▶ [Short descriptive text snippets]
★ ★ ★ ★ ★ ★ ★
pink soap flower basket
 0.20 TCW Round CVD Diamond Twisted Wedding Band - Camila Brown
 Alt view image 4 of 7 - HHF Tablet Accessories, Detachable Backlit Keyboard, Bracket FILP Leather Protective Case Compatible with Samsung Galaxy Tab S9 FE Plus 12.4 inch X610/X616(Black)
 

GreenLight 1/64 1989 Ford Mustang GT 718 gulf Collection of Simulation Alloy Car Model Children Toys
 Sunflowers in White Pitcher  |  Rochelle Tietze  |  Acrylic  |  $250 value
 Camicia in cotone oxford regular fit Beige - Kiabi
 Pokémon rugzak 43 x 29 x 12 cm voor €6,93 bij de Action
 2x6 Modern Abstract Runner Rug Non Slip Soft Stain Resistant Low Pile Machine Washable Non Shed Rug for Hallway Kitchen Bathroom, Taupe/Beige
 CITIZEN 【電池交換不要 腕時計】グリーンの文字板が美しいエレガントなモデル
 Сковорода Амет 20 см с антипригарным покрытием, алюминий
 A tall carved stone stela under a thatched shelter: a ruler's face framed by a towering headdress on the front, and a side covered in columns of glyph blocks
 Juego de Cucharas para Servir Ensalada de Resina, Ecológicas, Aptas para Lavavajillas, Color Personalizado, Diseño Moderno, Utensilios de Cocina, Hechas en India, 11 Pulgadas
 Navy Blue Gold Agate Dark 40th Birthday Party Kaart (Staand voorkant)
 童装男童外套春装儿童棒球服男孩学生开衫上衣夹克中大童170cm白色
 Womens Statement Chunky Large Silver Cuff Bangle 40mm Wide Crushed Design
★ ★ ★ ★ ★ ★ ★
▶ [EXERCISE DESCRIPTION] This exercise calls for the line containing "Navy Blue Gold" and each line after it in the records, copied exactly.

▶ [SOLVED PROBLEM]
 Navy Blue Gold Agate Dark 40th Birthday Party Kaart (Staand voorkant)
 童装男童外套春装儿童棒球服男孩学生开衫上衣夹克中大童170cm白色
 Womens Statement Chunky Large Silver Cuff Bangle 40mm Wide Crushed Design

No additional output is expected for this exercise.